— Exercise requirements —
Once you reach the line with "Curved Half-Moon Plant" in the material below, copy each line exactly up to and including the line with "Étiquette d'aliment affichant", and skip the pictures.

— Records provided —
··········

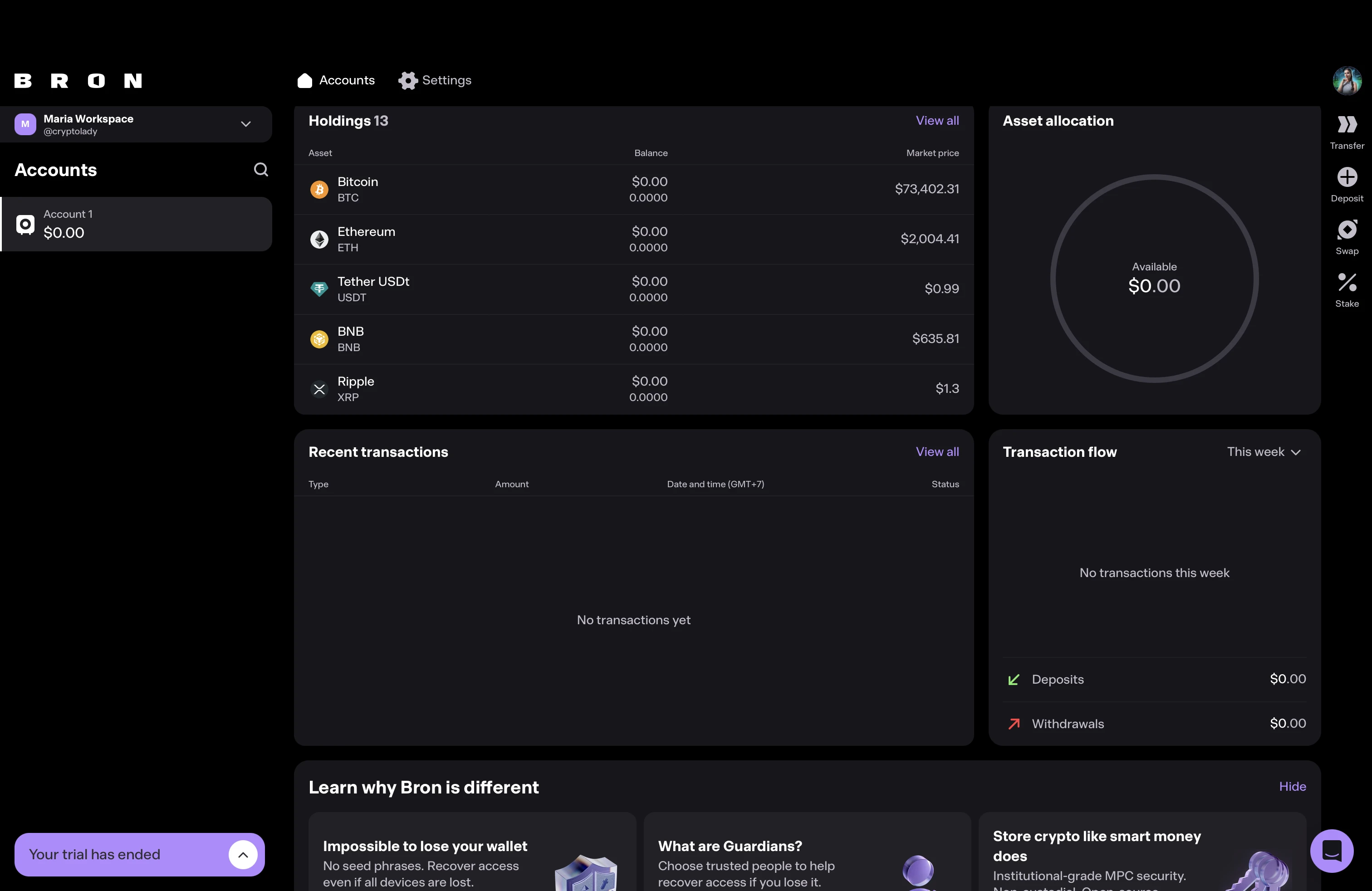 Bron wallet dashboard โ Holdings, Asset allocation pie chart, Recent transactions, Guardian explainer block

··········

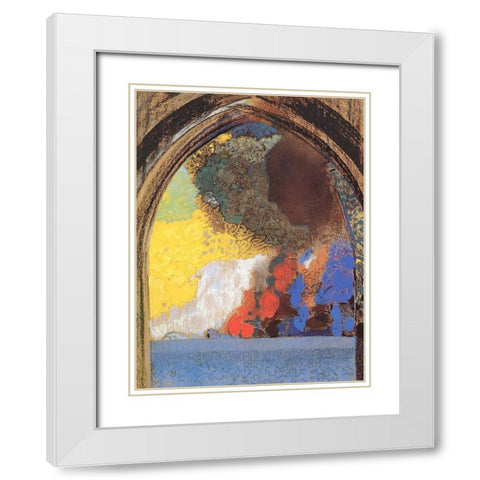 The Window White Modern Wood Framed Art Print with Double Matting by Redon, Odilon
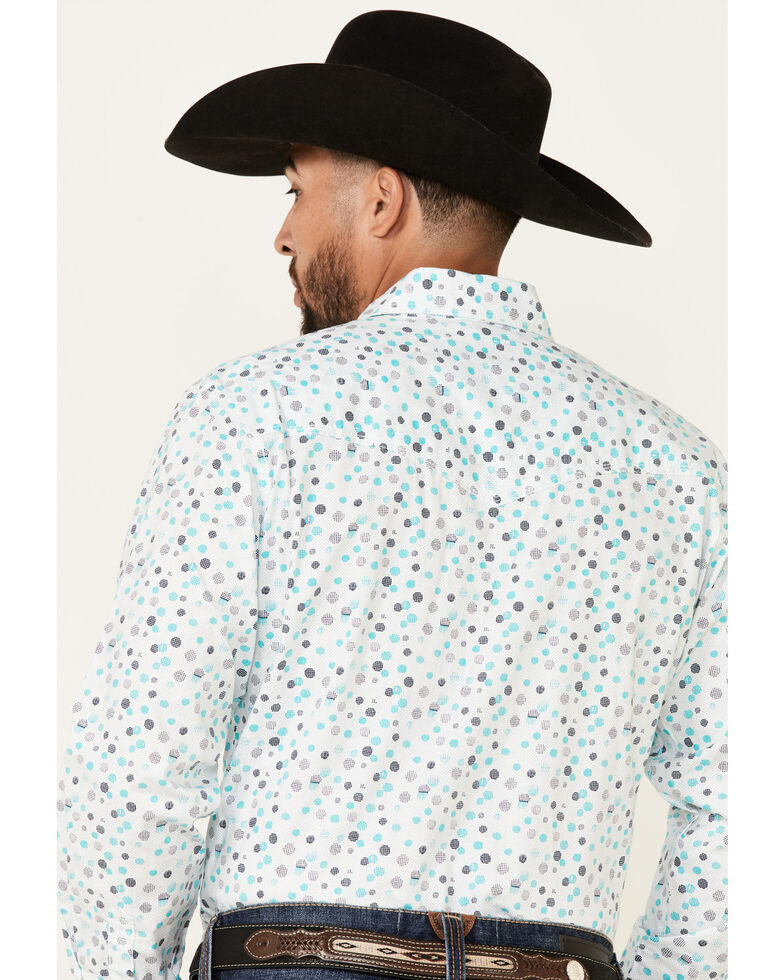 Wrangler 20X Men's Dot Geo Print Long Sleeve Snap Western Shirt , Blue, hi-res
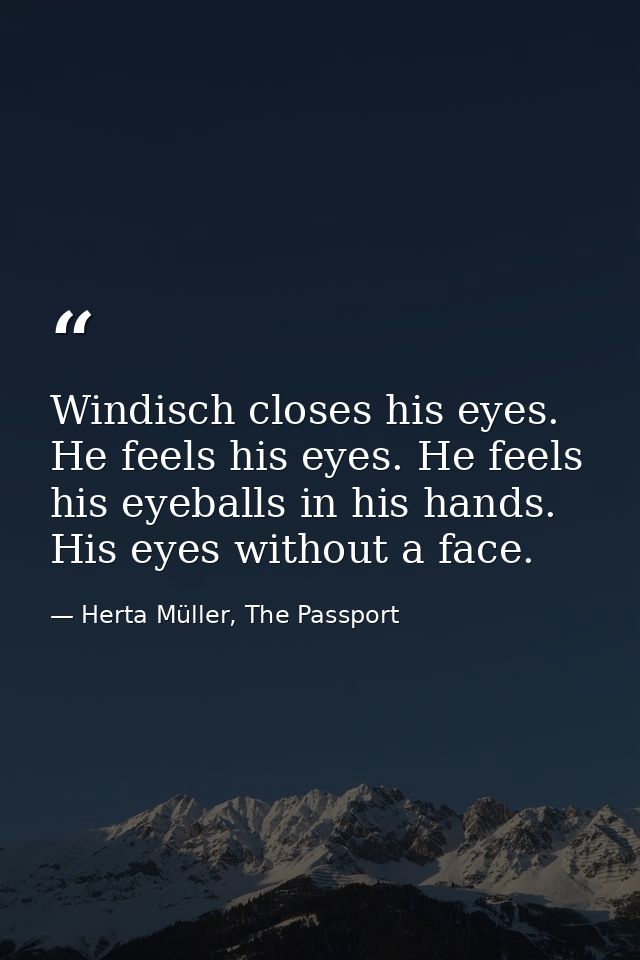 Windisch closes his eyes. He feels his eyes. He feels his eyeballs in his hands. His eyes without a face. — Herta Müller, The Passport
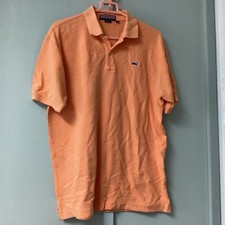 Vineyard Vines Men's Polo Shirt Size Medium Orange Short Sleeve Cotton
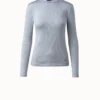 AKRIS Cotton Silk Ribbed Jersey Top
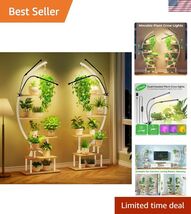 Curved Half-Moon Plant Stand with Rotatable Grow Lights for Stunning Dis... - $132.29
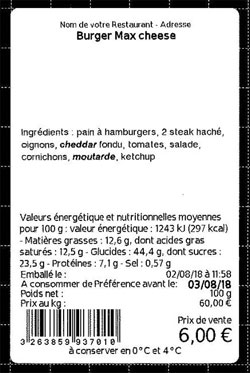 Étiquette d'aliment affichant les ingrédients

··········

— Response to the exercise —
 Curved Half-Moon Plant Stand with Rotatable Grow Lights for Stunning Dis... - $132.29
 Étiquette d'aliment affichant les ingrédients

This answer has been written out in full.